By Henrik Sonne Petersen
Many of us have gathered to pray for Ukraine these past weeks. Some of us have even been invited to pray with Christians from both Ukraine and Russia. But it has not been easy to pray. How do I pray in times of conflict and war?
The Bible describes several approaches to prayer:
The Psalms reverberate with prayers that give voice to anger, fear and anxiety, alongside joy and overwhelming relief (when the Psalmist realises that God is present amidst this troubled world). A repeating chorus throughout many psalms is: “Why are you downcast, my soul?… Put your hope in God”. We are called to patience and hope, looking out for God even in places where he seems not to be.

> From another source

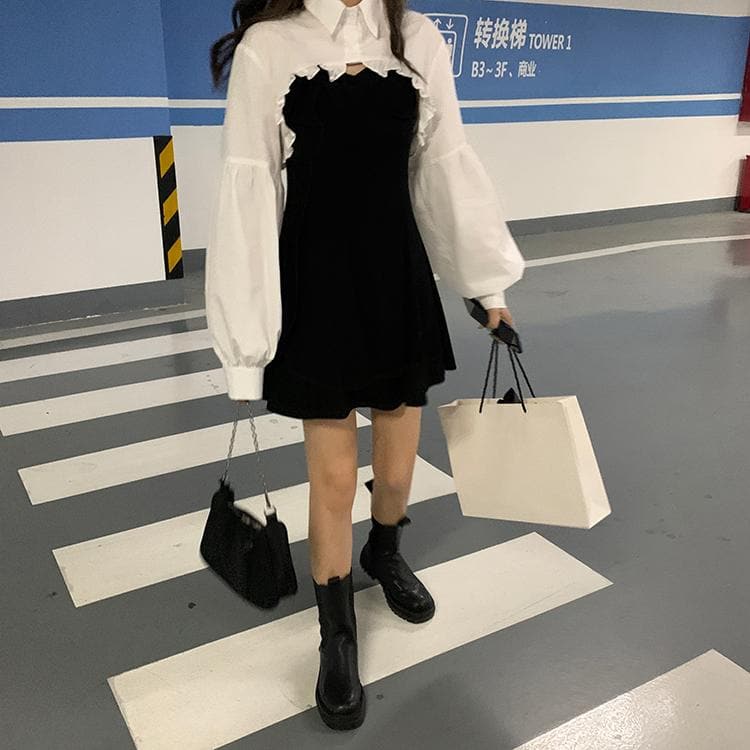 2-in-1 Mini Dress + Collared Shirt with Lantern Sleeves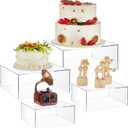Geetery 4 Pcs Acrylic Cube Acrylic Display Box Pedestal Figure Display Shelf with Hollow Bottom Cube Stand Nesting Plastic Risers for Table(Clear)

We see Jesus embodying another approach when Jesus says to priest, who has lost his daughter, “Do not fear, only believe”. It sounds insensitive, even arrogant, to say something like that to a person who has lost a family member. But Jesus calls this man, and us, to resist the temptation – even when faced with death – to let fear take over. Faith, not fear, should lead what we think, believe and do.
I’m sure there are also other ways to pray. But let’s reconsider the question: How do we pray facing war, insecurity and evil? I wonder if Jesus might respond: ‘This is how you should pray… Our Father…’ When we pray the Lord’s Prayer with war and conflict at the front of our minds, we see that it involves so much – solidarity with the suffering, seeing God’s love at work, resisting temptation, God confronting evil… Sometimes the prayer, Our Father, is the only suitable response to impossible situations.